Four women have accused New York’s Attorney General of physical abuse causing him to resign from office.

“While these allegations are unrelated to my professional conduct or the operations of the office, they will effectively prevent me from leading the office’s work at this critical time,” a statement issued by Eric Schneiderman read. “I therefore resign my office, effective at the close of business on May 8, 2018.”

Schneiderman had become one of the most powerful political figures in New York, his profile beginning to take on national importance, as he had also become a rising star in Democratic politics.

He had also become of the loudest advocates of the #MeToo movement, the national movement against sexual harassment. Schneiderman even used his authority to take legal action against former head of Miramax Movie Studios, Harvey Weinstein, who stands accused of sexual abuse, harassment and rape by a dozens of women, including Hollywood stars Gwyneth Paltrow and Angelina Jolie.

Schneiderman filed a civil rights lawsuit against the Weinstein Company and Weinstein himself, along with other company executives, including Weinstein’s brother Bob, accusing them of knowing for years of the allegations but failing to act on them.

One of the women accusing Schneiderman of abuse, Michelle Manning Barish, said Schneiderman repeatedly hit her during their relationship and threatened to kill her. “If you ever left me, I’d kill you,” he reportedly said.

He “would almost always drink two bottles of wine in a night, then bring a bottle of Scotch into the bedroom. He would get absolutely plastered five nights out of seven,” Manning Barish said.

Another woman, Tanya Selvaratnam, said Schneiderman was abusive while they were intimate. He made her “call him Master, and he’d slap me until I did.”

“[H]e started calling me his ‘brown slave’ and demanding that I repeat that I was ‘his property,'” Selvaratnam told The New Yorker, which first reported the allegations.

Two other women also came forward with allegations of abuse but asked not to be identified.

In light of the allegations, New York Gov.

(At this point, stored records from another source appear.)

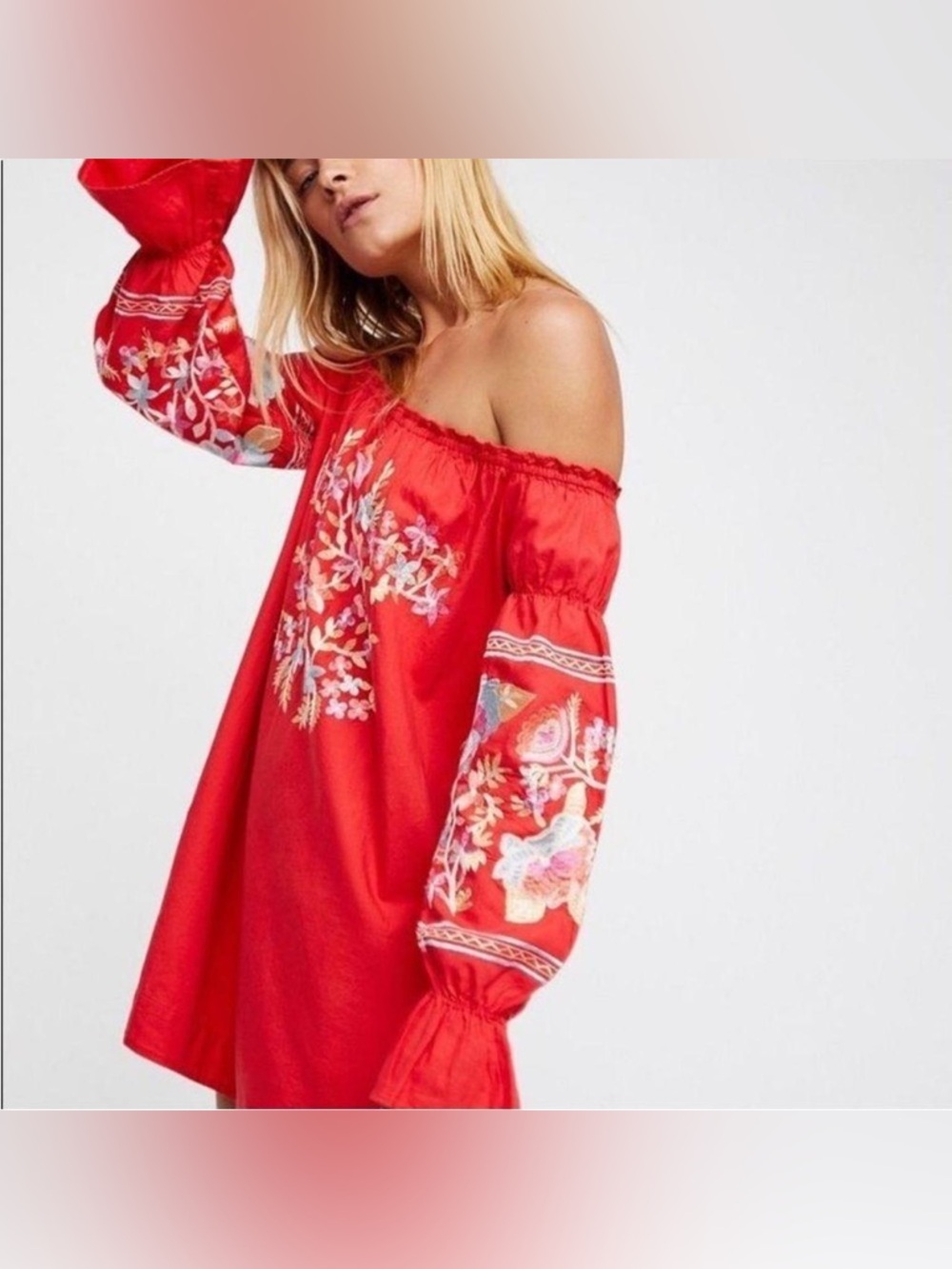 Free People Fleur Du Jour Red Off The Shoulder Embroidered Boho Dress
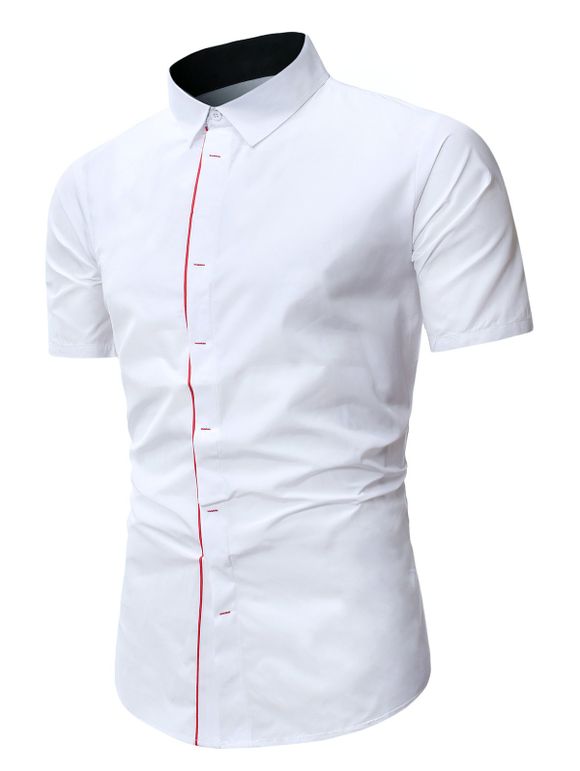 Chemise Contrastée Boutonnée à Manches Courtes - Blanc S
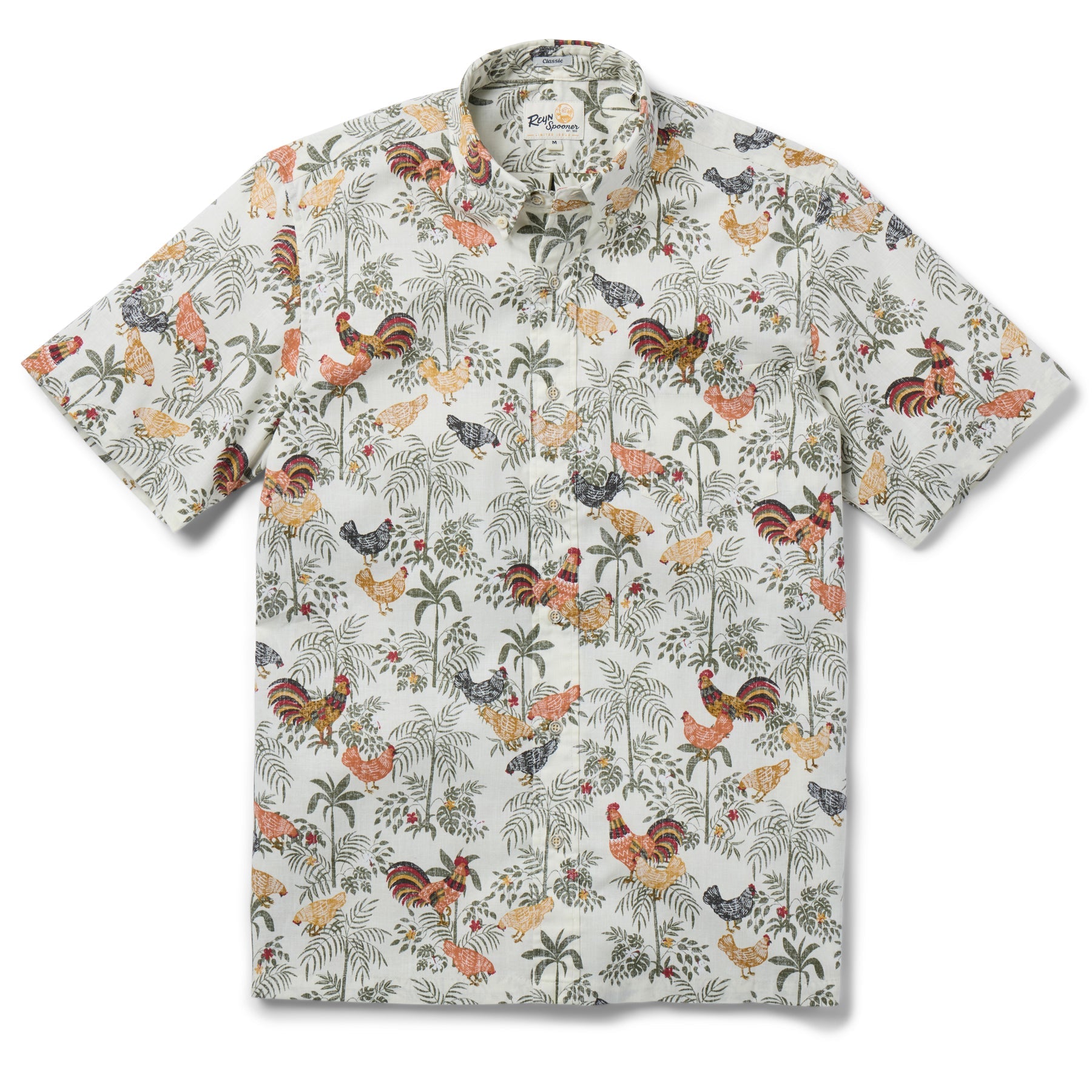 Reyn Spooner Kauai Alarm Cluck Short Sleeve Camp Shirt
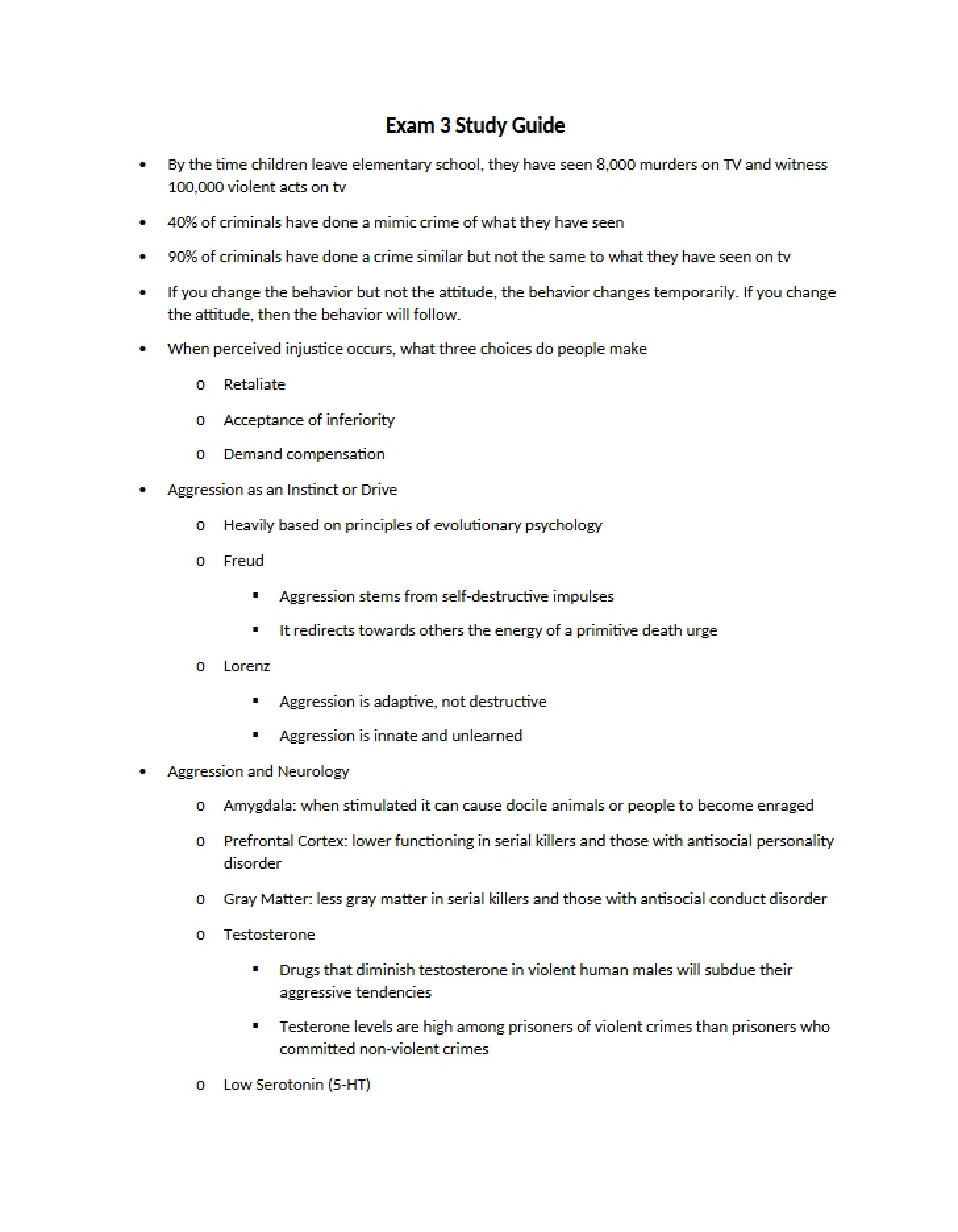 Third Exam Study Guide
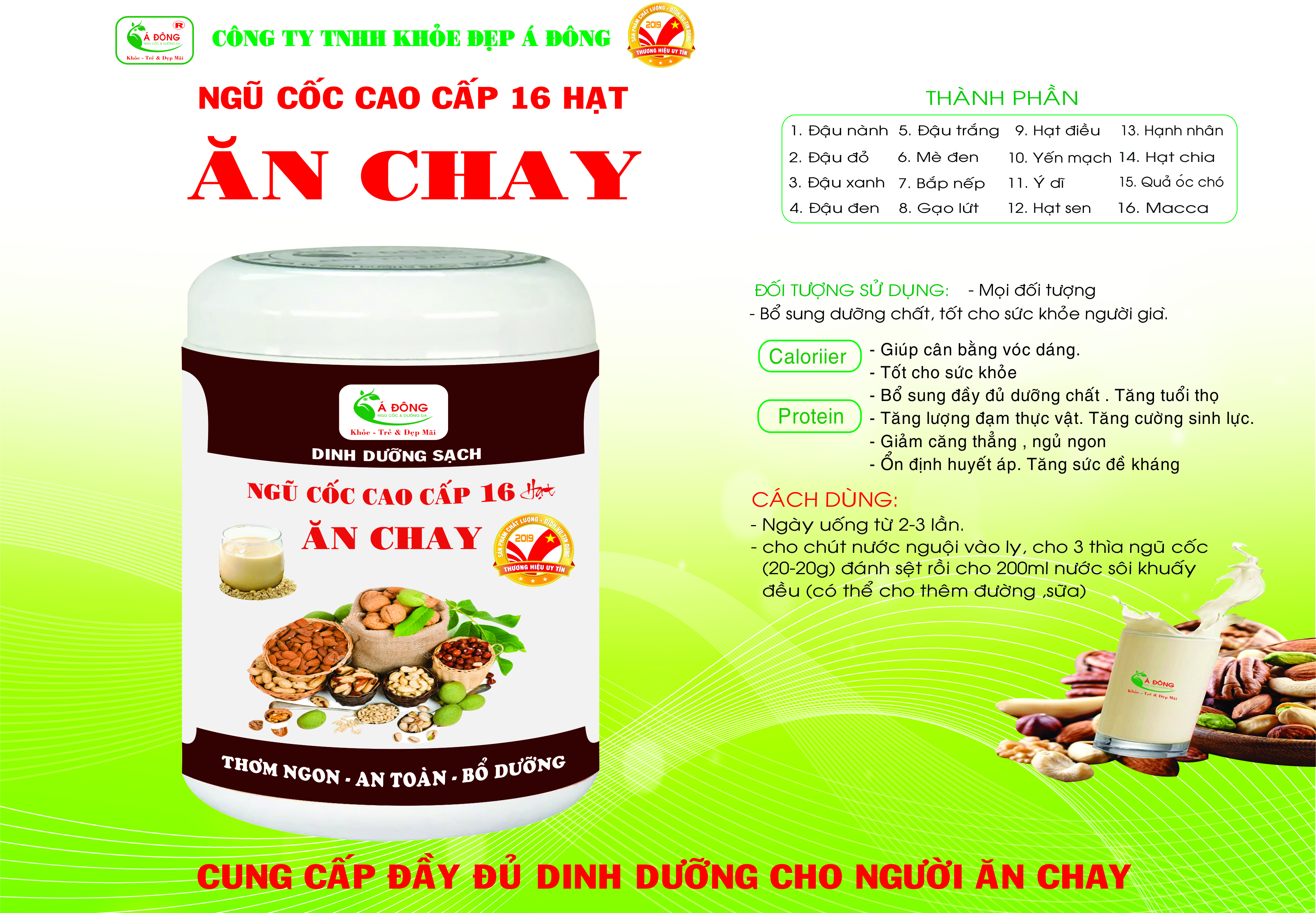 Bột Ngũ cốc 16 Hạt Cho Người Ăn Chay Cao Cấp - Á Đông (Hộp 500G)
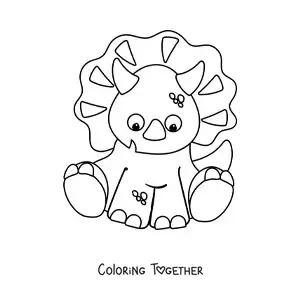 Coloring page of a sweet triceratops sitting down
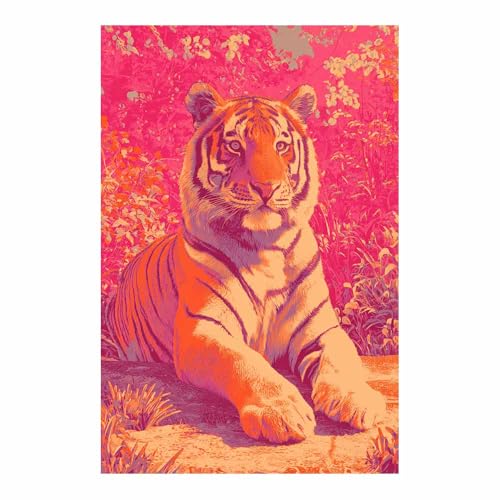 Tableau sur toile tigre art mural decoration salon peinture imprimee rose217 70x100cm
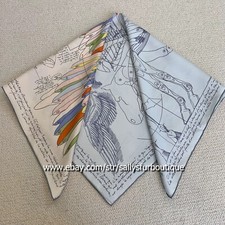 Sallys Fly Horse Print 18 Momme Twill Silk Wrap Scarf Double Face Shawl 35"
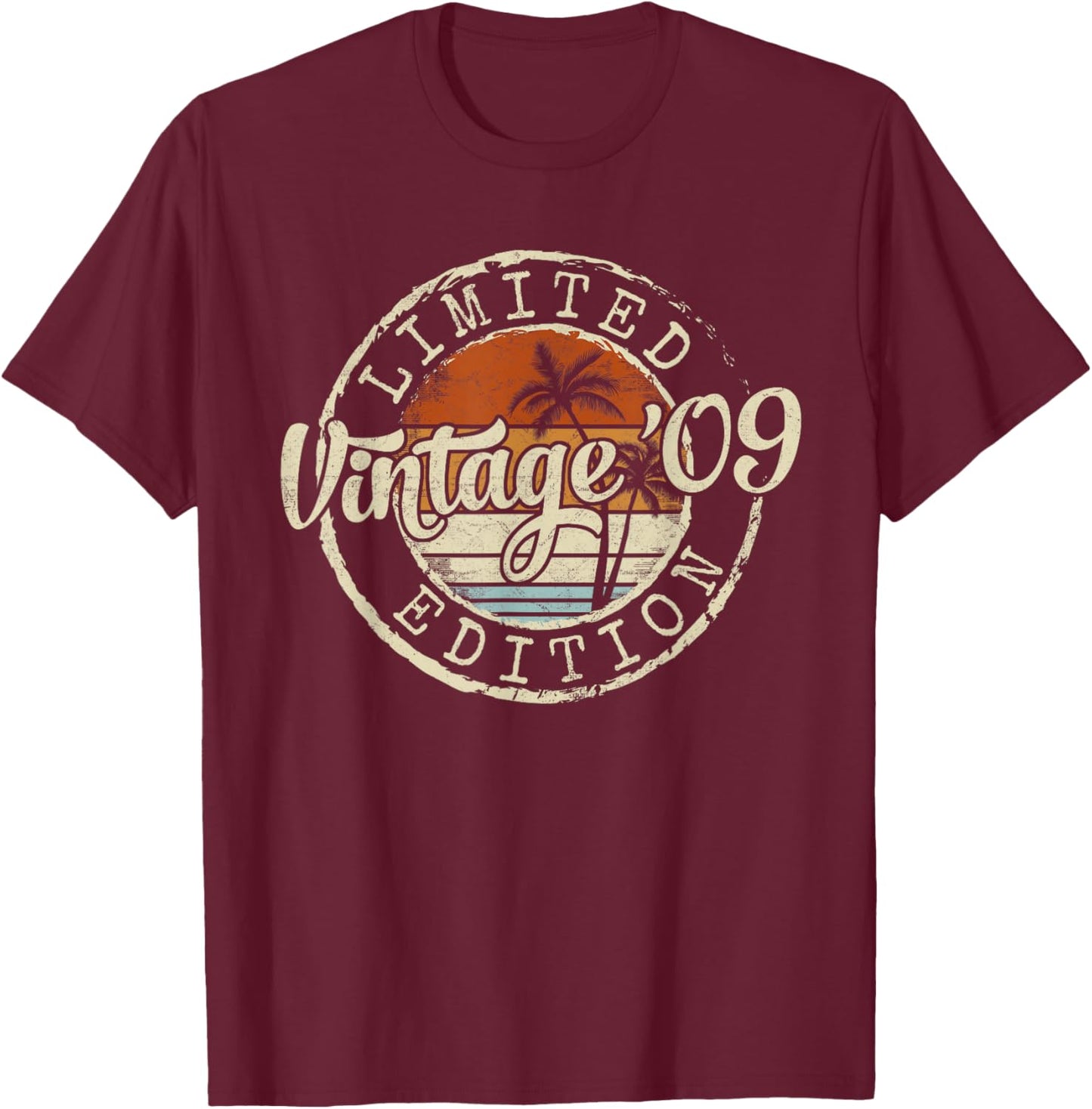 Vintage 2009 16th Birthday Gifts for Boys Girls 16 Year Old T-Shirt - T-Shirt | Maroon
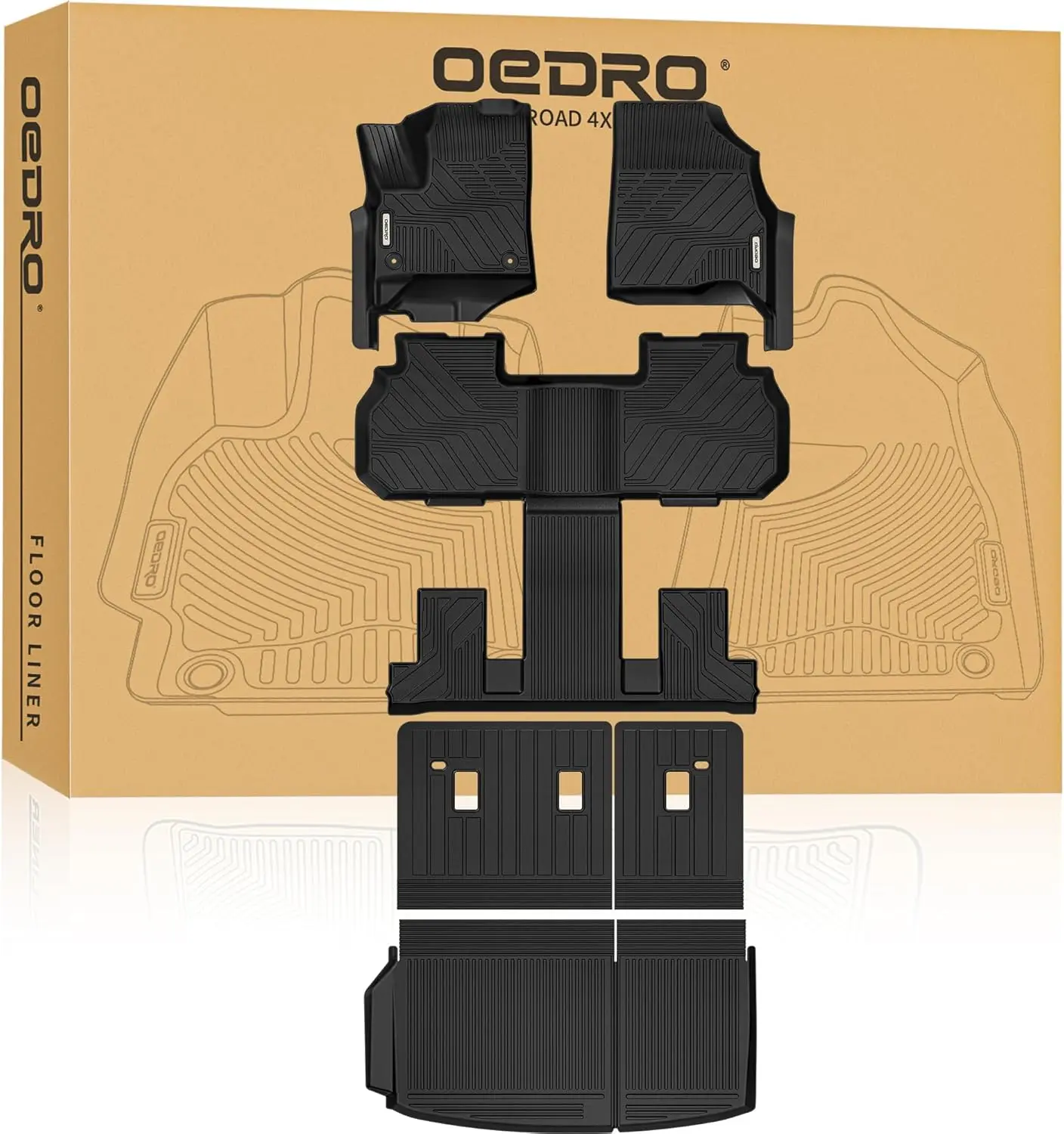 OEDRO TPE Floor Mats fits 2024 Chevrolet Traverse LT 7 seats, All Weather, Waterproof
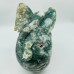 Large Moss Agate Flying Dragon Standing On Skull Carving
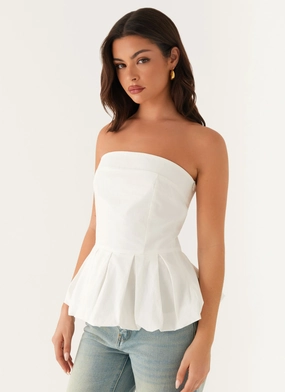 Quick Fit Ellen Bubble Hem Top - Ivory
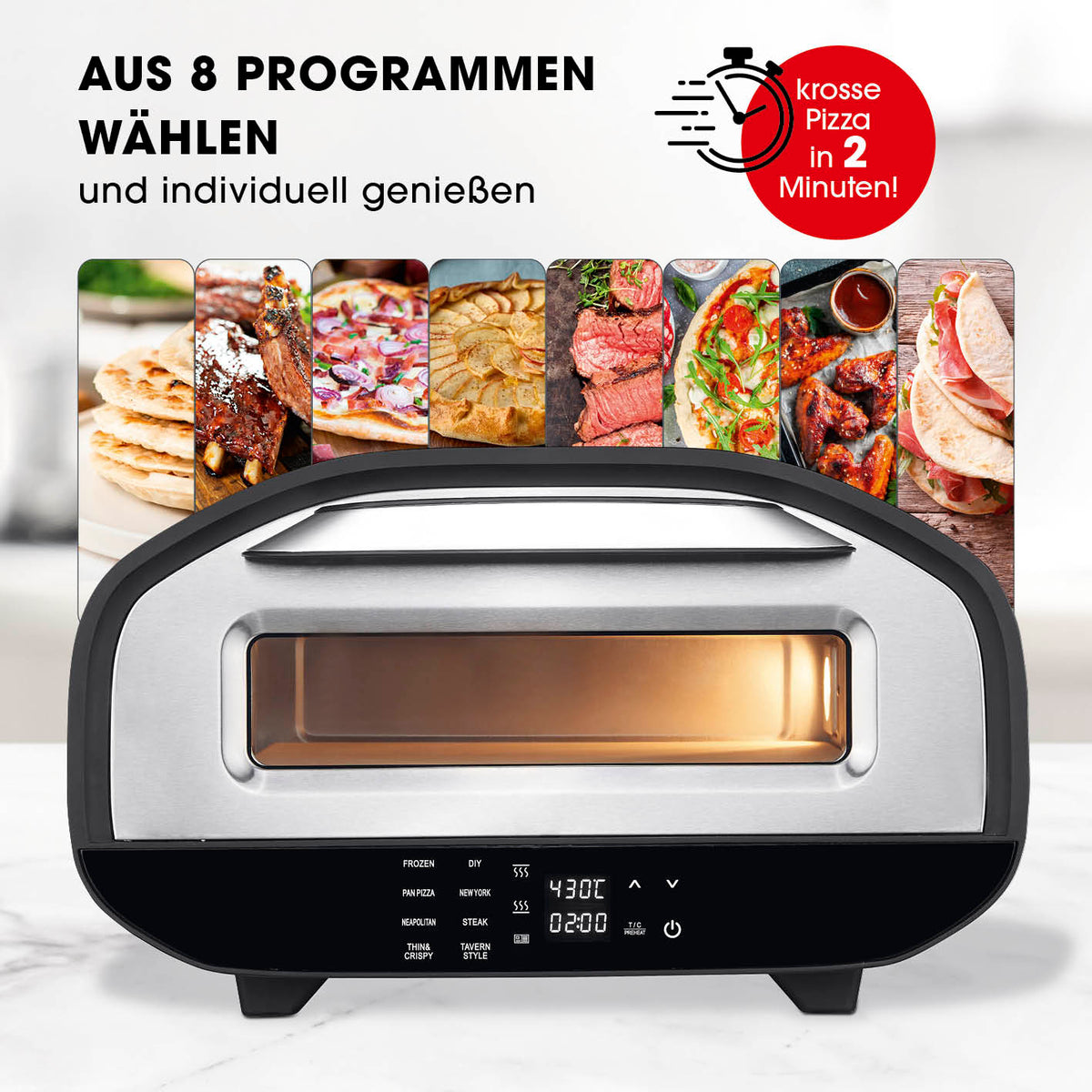Elektro-Pizzaofen mit Pizzaheber von GOURMETmaxx mit 8 Programmen und 1700 Watt für knusprige Pizza in 2 Minuten.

Andrew Cuomo had called on Schneiderman to resign. “No one is above the law, including New York’s top legal officer,” said Cuomo, adding that an “immediate investigation” would “proceed as the facts merit.”

New York’s junior Senator, Kirsten Gillibrand, a leading voice in the #MeToo movement, had also called on Schneiderman to resign: “The violent actions described by multiple women in this story are abhorrent. Based on this extensive and serious reporting, I do not believe that Eric Schneiderman should continue to serve as Attorney General. There should be a full and immediate investigation into these credible allegations.”

Despite handing in his resignation, Schneiderman maintains his actions were consensual. “In the privacy of intimate relationships, I have engaged in role-playing and other consensual sexual activity. I have not assaulted anyone. I have never engaged in non-consensual sex, which is a line I would not cross,” he said in a statement.

Schneiderman once congratulated The New Yorker as well as The New York Times for a joint Pulitzer Prize the outlets received for their coverage of sexual harassment. Schneiderman lauded “the brave women and men who spoke up about the sexual harassment they had endured at the hands of powerful men.”

Without these women, “there would not be the critical national reckoning under way,” he tweeted.